Wikidata:WikiFactMine/Terpenoids case study

From Wikidata
Jump to navigation Jump to search

This page explains a case study on building a terpenoids dictionary. It explores dictionary-building techniques that go beyond the SPARQL query.

Terpenoids[edit]

According to the English Wikipedia, the terpenoids (Q426694) concept is key to understanding naturally-occurring chemicals: they are "the largest group of natural products". Finding a representative list of them, though, is not straightforward in Wikidata terms. A simple query shows that only a couple of compounds here are given as instance of (P31) terpenoids (Q426694), while (at the time of writing) terpenoids (Q426694) has no useful subclasses.

Zeaxanthin, a terpene alcohol that gives paprika its colour

First steps[edit]

To bring in the English Wikipedia category system as a support, one can use a Petscan query. These queries are saveable searches with their own permanent number. This one searches en:w:Category:Terpenes and terpenoids to depth six, finding around 1000 hits. The output page allows export to a PagePile.

That query contains much that is not a natural product, though. en:w:Category:Steroids is a subcategory, and numerous steroids do not come as natural products. A modified Petscan query takes out the whole steroid category (with subcategories), leaving around 400 compounds. (NB Anything not showing up as a chemical compound on Wikidata is being excluded here by some SPARQL, in a box on the "Other sources" page.)
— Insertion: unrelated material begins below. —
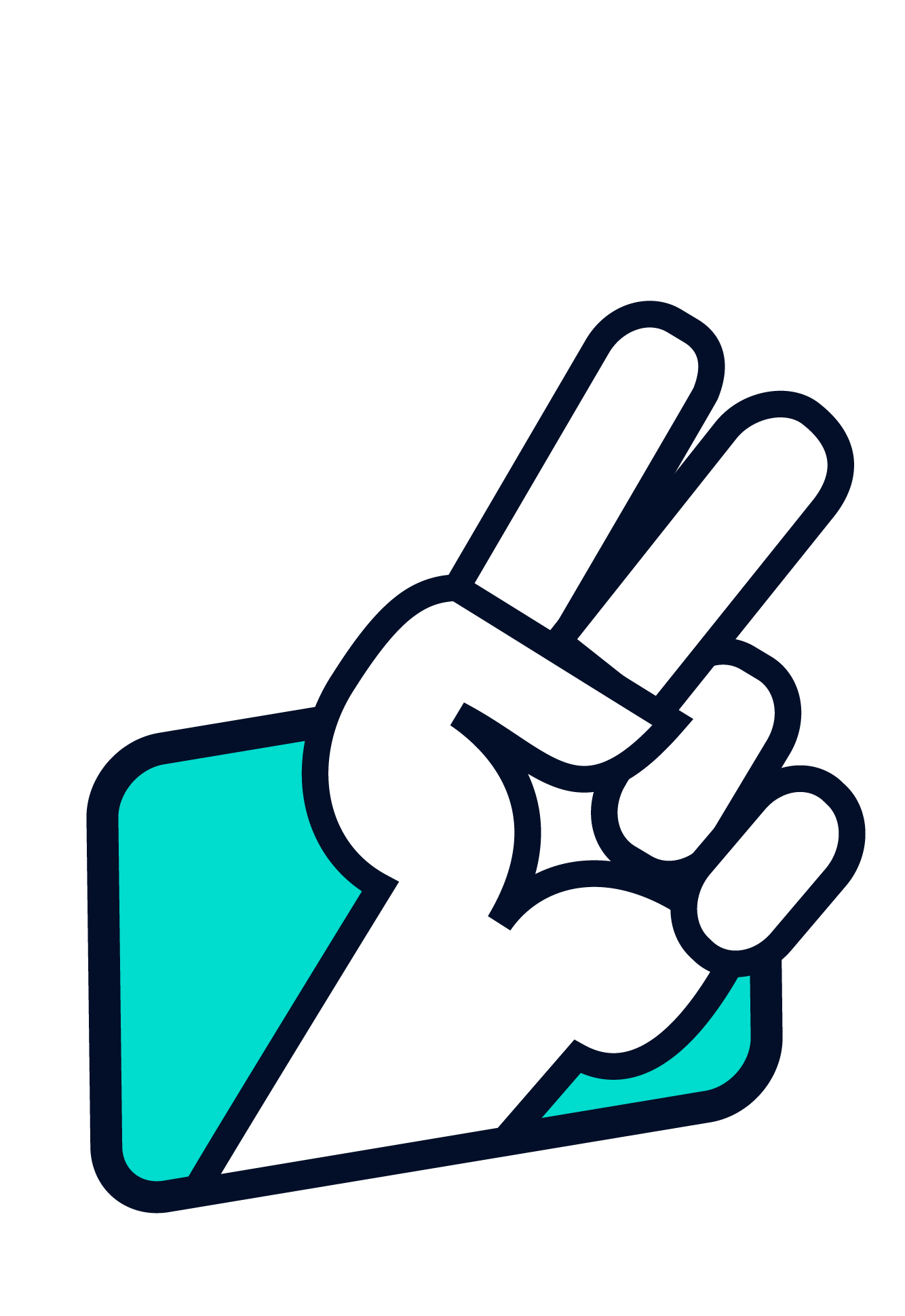 Illustration einer Hand, die das Zeichen für "2" macht.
Replacing natural products[edit]

Some steroids do occur as natural products, though, such as testosterone. Having taken all of them out by fiat, it would be appropriate to put back those with Wikidata items having found in taxon (P703). Indeed, for the purposes of listing terpenoids, adding such statements is clearly a step in the right direction. A special "natural steroids" query picks up over 50 steroids by enWP subcategory, moderated by SPARQL saying that the Wikidata item is a compound with found in taxon (P703).

At this point, we clearly want to "put back the natural steroids", and here we can rely on PagePile, to take the union of piles corresponding to the latter two queries.
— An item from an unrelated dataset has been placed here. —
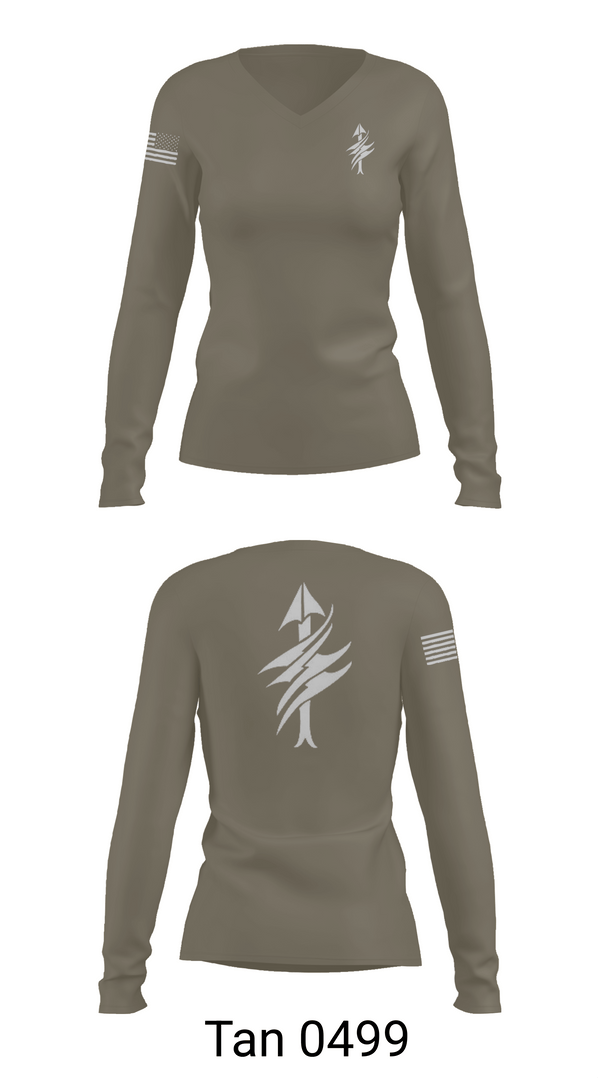 Womens Long Sleeve Vneck Shirt, 3rd Battalion 2nd Marines Scout Sniper Platoon, Marines, Teamtime, Team time, sublimation, custom sports apparel, team uniforms, spirit wear, spiritwear, sports uniforms, custom shirts, team store, custom team store, fundraiser sports, apparel fundraiser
There is in fact a quite different way to use Wikipedia categories on this problem. The German Wikipedia's de:Kategorie:Terpenoid does not include de:Kategorie:Steroid: both are subcategories of de:Kategorie:Lipid. A Petscan query based on subcategories of the Terpenoid category produces over 200 hits.

Formal record[edit]

Wikidata:WikiFactMine/Dictionaries and PagePiles suggests a style of formal recording (reverse Polish), for constructions with PagePile. Here's how it applies.
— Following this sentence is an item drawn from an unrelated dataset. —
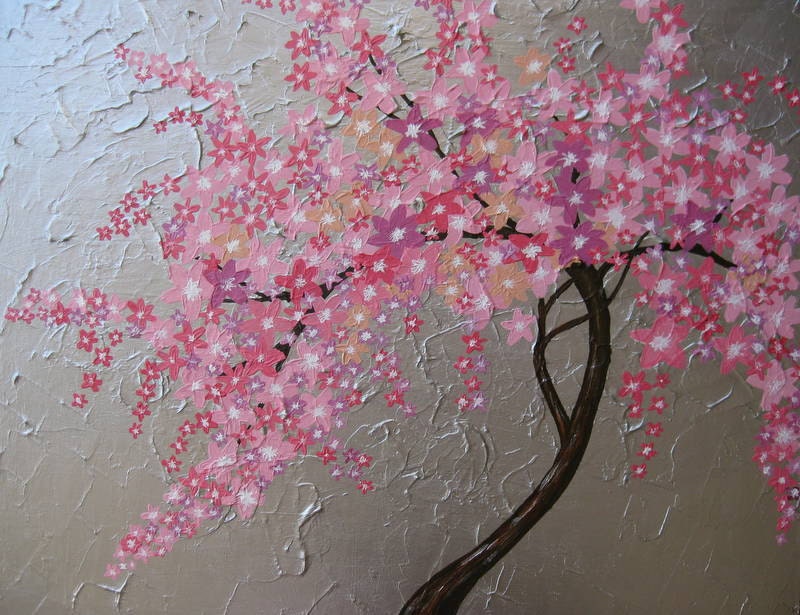 cherry blossom tree trees large abstract art zen oriental gray grey silver pink purple apricot Japanese look painting panels wall paintings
The process in PagePile begins with

10311 = 10310 wd (i.e. list of 418 enWP pages filtered to Wikidata), still 418 hits

where

10310 = output of PSID 1181824, Petscan query based on enWP category excluding steroids, 418 hits on 2017-08-22.

Then

10313 = 10312 wd (56 hits)

where

10312 = output of PSID 1184961, Petscan query based on natural products

Also

10315 = 10314 wd (232 hits from a list of 236 pages on deWP)

where

10314 = output of PSID 1212768, Petscan query based on de:Kategorie:Terpenoid

The four missing pages

10319 = 10314 nowd

there from deWP turned out to be redirects.[1]

The final list

10318 = 10311 10313 union 10315 union

came out to 585 entries; the intermediate PagePile 10317 had 474, implying that 10311 and 10313 were indeed disjoint.

Notes[edit]

  1. de:Yangonin (see yangonin (Q8048635)), de:Epigallocatechin (see epigallocatechin gallate (Q393339)), de:Epicatechingallat (see epicatechin gallate (Q5382492)), de:Phytocannabinoide (not present). There seems no chemical justification for including the first three in a terpenoids dictionary, since they belong to other groups of naturally-occurring chemicals. If there had been, they could be added by hand to a dictionary, or (better from a formal point of view) made into a short PagePile to add.